This map was designed from the start to be an exercise in replicating the old maps I used to see in elementary school but with my own personal satellite style. So, for this map I knew exactly what I wanted the final image to look like so the process of creation was over and now it was time to get out the hammer and nails and start building in Photoshop.
The first thing I did was to try to think differently. So with that in mind I went ahead and made my map the way I always do (so much for thinking differently, eh?) but instead changed the color of the ocean and put a layer of soft white onto the land. At this point my land looked good but the water was too bright and I wanted something more grayed-out so I added a medium gray layer at 50% opacity and viola, it was easy. I then added some darker gray as shading around the edges of the map to darken them up a bit and added one more layer of soft white to the whole image. To this point the whole process had taken me about an hour.
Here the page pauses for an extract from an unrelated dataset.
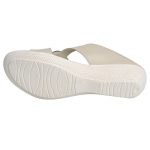 Women's White & Brown Colour Synthetic Leather Sandals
Now came the detail work that, I think, really gives anything a bit of charm and style but takes a long time to do. I put in a grid for latitude and longitude and because I love those old compass lines I put some of those in as well. Next I put in the rivers which are basically lightning bolts (I have a thing for lightning bolts). Next I put some lakes on top with a really easy Photoshop trick (use a 100-pixel pencil and under brush dynamics give it a cloud texture). For the cities I wanted something that looked like it was from some kind of fantasy painting so I got some pics off of the interwebs and applied some artsy filters. Roads came next and where they intersect I put down smaller icons for towns and villages and other stuff. Labeling things can always be a chore but I just make stuff up and then make it sound like some particular foreign language, for this map I went with French. Finally, the finish graphics…this part is always the hardest for me since I never really studied graphic design; I drew superheroes, cartoons, and cars. The most important part of any work of art is knowing when to stop. I love detailing things and putting in things that others might never notice but if they do I feel as if I have given them a small present. After cutting down on the number the fonts used I was ready to call this one done…1 hour of fun playing in the sandbox and 15 hours of hammering and sawing. I hope you all like it.